If I remember correctly a full load is 22 tons


----------



## NoFearDeere (Nov 7, 2005)

Alright, guess I will wait to see what they say. Been a couple weeks since I talked to them and they said they would get me a quote.


----------



## cjwoz (Jan 7, 2008)

They are usually real good about getting back to me. I'd call them again


----------



## bpersichetti (Jan 12, 2010)

Contact Central Salt for pricing on bulk salt and bulk SnowSlicer and package ice melt products. 847-608-8130


----------



## NoFearDeere (Nov 7, 2005)

How much is everyone charging for bulk applied? I got a quote finally from Central Salt for "bulk deicing salt" at $68.50 pr ton.


----------



## got-h2o (Sep 26, 2008)

Double your cost


----------



## got-h2o (Sep 26, 2008)

And honestly, spend the extra few bucks for the good stuff.
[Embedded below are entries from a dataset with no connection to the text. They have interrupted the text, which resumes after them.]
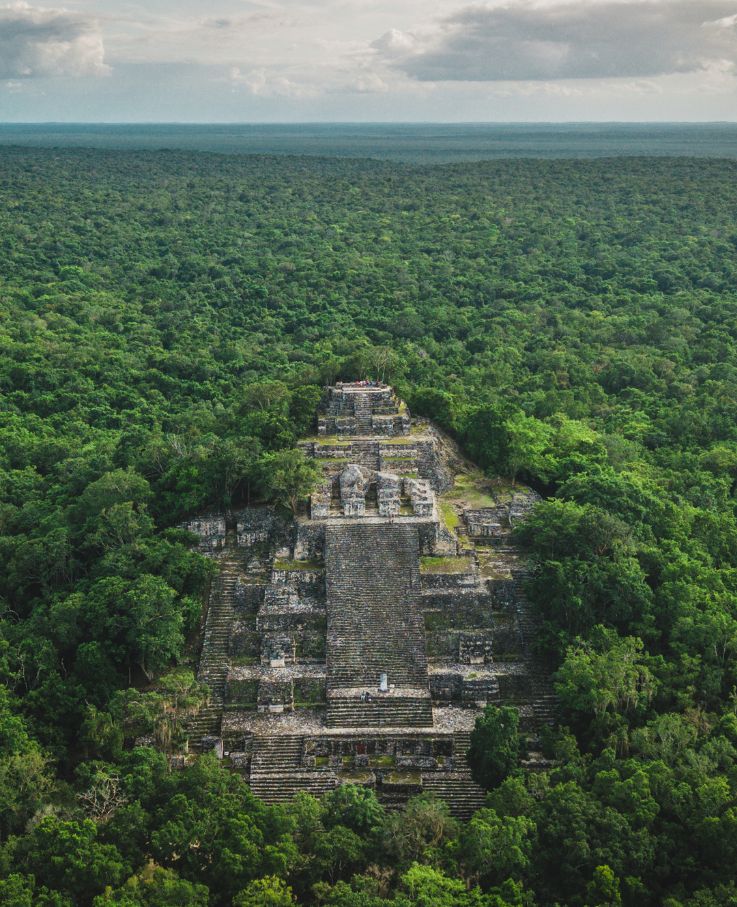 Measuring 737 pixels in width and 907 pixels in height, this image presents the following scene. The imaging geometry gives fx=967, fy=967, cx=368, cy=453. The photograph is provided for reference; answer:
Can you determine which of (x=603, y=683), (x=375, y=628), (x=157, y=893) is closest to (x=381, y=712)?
(x=375, y=628)

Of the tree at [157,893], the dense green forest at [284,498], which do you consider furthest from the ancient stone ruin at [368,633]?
the tree at [157,893]

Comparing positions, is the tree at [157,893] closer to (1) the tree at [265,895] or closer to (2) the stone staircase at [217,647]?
(1) the tree at [265,895]

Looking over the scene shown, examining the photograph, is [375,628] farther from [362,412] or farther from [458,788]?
[362,412]

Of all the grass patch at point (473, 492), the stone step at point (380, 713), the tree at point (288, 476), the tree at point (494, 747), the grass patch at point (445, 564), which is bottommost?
the stone step at point (380, 713)

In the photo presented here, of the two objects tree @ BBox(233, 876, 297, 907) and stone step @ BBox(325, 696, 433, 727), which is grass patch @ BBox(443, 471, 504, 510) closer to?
stone step @ BBox(325, 696, 433, 727)

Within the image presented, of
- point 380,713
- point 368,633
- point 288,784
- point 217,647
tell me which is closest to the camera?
point 288,784

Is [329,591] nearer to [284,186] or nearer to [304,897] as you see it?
[304,897] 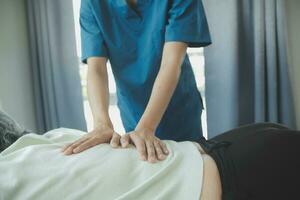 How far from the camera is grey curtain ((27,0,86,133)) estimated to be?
240 cm

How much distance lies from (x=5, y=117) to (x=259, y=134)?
Answer: 0.77 metres

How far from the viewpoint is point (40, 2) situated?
7.84ft

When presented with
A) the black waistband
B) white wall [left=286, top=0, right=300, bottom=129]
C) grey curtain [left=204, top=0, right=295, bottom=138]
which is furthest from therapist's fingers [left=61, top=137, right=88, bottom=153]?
white wall [left=286, top=0, right=300, bottom=129]

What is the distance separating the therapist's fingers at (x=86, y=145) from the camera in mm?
928

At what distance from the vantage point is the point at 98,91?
1345mm

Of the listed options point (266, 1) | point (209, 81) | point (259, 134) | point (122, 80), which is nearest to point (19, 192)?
point (259, 134)

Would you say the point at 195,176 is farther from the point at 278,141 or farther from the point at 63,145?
the point at 63,145

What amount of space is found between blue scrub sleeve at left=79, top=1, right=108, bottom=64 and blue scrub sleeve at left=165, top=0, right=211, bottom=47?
278 millimetres

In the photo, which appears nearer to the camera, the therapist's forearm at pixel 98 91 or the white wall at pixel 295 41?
the therapist's forearm at pixel 98 91

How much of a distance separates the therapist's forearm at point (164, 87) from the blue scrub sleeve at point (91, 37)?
0.90 ft

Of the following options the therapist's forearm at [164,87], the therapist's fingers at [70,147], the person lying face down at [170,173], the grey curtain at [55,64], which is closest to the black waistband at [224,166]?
the person lying face down at [170,173]

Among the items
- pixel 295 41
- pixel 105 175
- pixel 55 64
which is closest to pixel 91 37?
pixel 105 175

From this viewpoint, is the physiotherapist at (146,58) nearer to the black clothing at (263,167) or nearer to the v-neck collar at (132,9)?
the v-neck collar at (132,9)

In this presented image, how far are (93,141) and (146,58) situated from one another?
21.4 inches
I can give you several reasons why if you'd like.


----------



## NoFearDeere (Nov 7, 2005)

Anyone know any supplier that sells the super sacks or totes? Central doesnt, and they got pissed at me when i said i wanted to go that route this year instead of doing bulk.


----------



## dodge2500 (Aug 20, 2009)

Frick services in Burns Harbor sells super sacs of both white sale and Clearlane. Like everyone said, get the good stuff. You will not be dissappointed that you did.


----------



## NorthernSvc's (Mar 12, 2006)

try midwest salt in batavia. I used them last year and they were extremely fast and very reasonably priced...


----------



## Dawdy Services (Apr 4, 2009)

NoFearDeere;1654534 said:


> Anyone know any supplier that sells the super sacks or totes? Central doesnt, and they got pissed at me when i said i wanted to go that route this year instead of doing bulk.


http://kickapoocreeknursery.com/k-c-n-solutions/
They do super sacks and totes as well as bulk check them out


----------